Every year AWS outdoes itself at its annual re:Invent conference. And this year’s event was no different. The event was the largest yet, drawing more than 65,000 people to Las Vegas, and featured hundreds of new announcements from the public cloud leader. There were four keynote sessions, more than 2,500 technical sessions, a partner expo floor, as well as training and certification opportunities.
The Eplexity team attended in force. Our engineers coordinated on the different tracks to ensure we caught as many sessions as possible. This way we can deliver first-hand knowledge to our customers and partners. With so many great new products and enhancements in AWS, we wanted to share some of our favorites with you.
EC2 instance types get AWS Nitro System
AWS has added Nitro System to their underlying platform for the next generation of EC2 instances. These new Nitro instances provide faster performance and reduce costs for customers. AWS Nitro also improves security as it continuously monitors, protects, and verifies instance hardware and firmware. Nitro offloads virtualization resources to minimize the attack surface, and it’s locked down and prohibits administrative access. Dedicated Nitro cards enable high speed networking, high speed EBS, and I/O acceleration, resulting in additional cost savings for customers. EC2 instance types built on Nitro include: M5, C5, R5, T3, I3, and A1.
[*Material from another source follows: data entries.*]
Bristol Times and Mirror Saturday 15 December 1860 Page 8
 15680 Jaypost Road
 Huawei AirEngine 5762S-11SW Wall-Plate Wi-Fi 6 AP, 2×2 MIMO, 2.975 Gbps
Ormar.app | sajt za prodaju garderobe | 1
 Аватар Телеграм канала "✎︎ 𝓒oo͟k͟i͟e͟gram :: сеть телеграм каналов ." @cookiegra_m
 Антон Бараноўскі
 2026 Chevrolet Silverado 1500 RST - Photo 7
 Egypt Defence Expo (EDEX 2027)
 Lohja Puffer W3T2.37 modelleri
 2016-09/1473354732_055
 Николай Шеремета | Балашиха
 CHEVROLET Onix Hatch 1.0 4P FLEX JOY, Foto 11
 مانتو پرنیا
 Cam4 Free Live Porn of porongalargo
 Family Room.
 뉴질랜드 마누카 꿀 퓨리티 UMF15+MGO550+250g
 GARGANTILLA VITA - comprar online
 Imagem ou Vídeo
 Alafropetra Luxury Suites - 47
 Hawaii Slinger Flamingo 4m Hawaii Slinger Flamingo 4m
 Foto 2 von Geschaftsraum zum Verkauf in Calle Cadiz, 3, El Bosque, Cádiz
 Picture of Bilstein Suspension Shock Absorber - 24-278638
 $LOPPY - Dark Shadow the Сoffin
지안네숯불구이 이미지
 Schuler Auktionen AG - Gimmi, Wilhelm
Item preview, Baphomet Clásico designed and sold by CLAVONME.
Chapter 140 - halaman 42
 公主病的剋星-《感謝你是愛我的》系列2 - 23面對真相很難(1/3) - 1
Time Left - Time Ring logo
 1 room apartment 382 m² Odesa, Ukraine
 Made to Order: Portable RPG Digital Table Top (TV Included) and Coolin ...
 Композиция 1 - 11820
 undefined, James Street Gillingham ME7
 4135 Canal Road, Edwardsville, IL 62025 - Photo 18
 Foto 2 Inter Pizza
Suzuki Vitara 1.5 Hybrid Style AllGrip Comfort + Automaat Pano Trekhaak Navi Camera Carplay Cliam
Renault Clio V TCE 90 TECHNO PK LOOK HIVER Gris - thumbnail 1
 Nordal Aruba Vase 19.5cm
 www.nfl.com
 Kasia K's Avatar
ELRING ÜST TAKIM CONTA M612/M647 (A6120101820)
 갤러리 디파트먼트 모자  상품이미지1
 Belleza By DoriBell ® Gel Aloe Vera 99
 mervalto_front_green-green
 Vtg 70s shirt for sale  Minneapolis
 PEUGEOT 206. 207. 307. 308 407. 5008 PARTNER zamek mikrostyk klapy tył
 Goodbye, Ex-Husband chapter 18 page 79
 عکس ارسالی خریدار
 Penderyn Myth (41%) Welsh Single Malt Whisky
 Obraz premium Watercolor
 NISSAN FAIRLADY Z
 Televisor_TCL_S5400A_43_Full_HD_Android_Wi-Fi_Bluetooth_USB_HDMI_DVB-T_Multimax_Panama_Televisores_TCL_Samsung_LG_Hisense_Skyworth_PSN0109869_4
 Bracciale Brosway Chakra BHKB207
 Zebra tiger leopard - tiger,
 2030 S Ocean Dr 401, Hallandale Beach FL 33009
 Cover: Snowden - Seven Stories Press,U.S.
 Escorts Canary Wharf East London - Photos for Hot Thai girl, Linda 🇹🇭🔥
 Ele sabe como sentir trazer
New AWS EBS/Snapshots features
Earlier this year, AWS announced the ability to Encryption by Default for new Elastic Block Storage (EBS) volumes in a region. Covered at re:Invent, this new offering ensures all new EBS volumes created in your account are encrypted. Encryption by Default opt-in settings are specific to individual AWS regions in your account. This encryption default key is set to the default aws/ebs KMS key for your Region but can be set to a customer managed key (CMK) if needed.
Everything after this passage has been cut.